10.2 Semiparametric Models
for Conditional Mean Functions

The term semiparametric refers to models in which there is an unknown function in addition to an unknown finite dimensional parameter. For example, the binary response model $ P(Y=1\vert
x)=G({\beta }'x)$ is semiparametric if the function $ G$ and the vector of coefficients $ \beta$ are both treated as unknown quantities. This section describes two semiparametric models of conditional mean functions that are important in applications. The section also describes a related class of models that has no unknown finite-dimensional parameters but, like semiparametric models, mitigates the disadvantages of fully nonparametric models.
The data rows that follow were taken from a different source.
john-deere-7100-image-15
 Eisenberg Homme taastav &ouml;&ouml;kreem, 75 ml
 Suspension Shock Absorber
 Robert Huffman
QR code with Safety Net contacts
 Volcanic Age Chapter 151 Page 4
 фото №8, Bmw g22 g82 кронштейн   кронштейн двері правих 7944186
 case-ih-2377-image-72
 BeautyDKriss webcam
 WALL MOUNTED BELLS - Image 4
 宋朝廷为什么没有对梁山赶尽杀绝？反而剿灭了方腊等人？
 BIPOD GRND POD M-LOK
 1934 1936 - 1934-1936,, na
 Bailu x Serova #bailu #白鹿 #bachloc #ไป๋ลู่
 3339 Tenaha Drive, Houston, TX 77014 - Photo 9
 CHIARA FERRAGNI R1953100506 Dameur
Finally, this section describes a class of transformation models that is important in estimation of hazard functions among other applications. Powell (1994) discusses additional semiparametric models.


10.2.1 Single Index Models

In a semiparametric single index model, the conditional mean function has the form

$\displaystyle E(Y\vert x)=G({\beta }'x)\;,$ (10.1)

where $ \beta$ is an unknown constant vector and $ G$ is an unknown function. The quantity $ {\beta }'x$ is called an index. The inferential problem is to estimate $ G$ and $ \beta$ from observations of ($ Y$$ X$). $ G$ in (10.1) is analogous to a link function in a generalized linear model, except in (10.1) $ G$ is unknown and must be estimated.

Model (10.1) contains many widely used parametric models as special cases. For example, if $ G$ is the identity function, then (10.1) is a linear model. If $ G$ is the cumulative normal or logistic distribution function, then (10.1) is a binary probit or logit model. When $ G$ is unknown, (10.1) provides a specification that is more flexible than a parametric model but retains many of the desirable features of parametric models, as will now be explained.

One important property of single index models is that they avoid the curse of dimensionality. This is because the index $ {\beta }'x$ aggregates the dimensions of $ x$, thereby achieving dimension reduction. Consequently, the difference between the estimator of $ G$ and the true function can be made to converge to zero at the same rate that would be achieved if $ {\beta }'x$ were observable. Moreover, $ \beta$ can be estimated with the same rate of convergence that is achieved in a parametric model. Thus, in terms of the rates of convergence of estimators, a single index model is as accurate as a parametric model for estimating $ \beta$ and as accurate as a one-dimensional nonparametric model for estimating $ G$. This dimension reduction feature of single index models gives them a considerable advantage over nonparametric methods in applications where $ X$ is multidimensional and the single index structure is plausible.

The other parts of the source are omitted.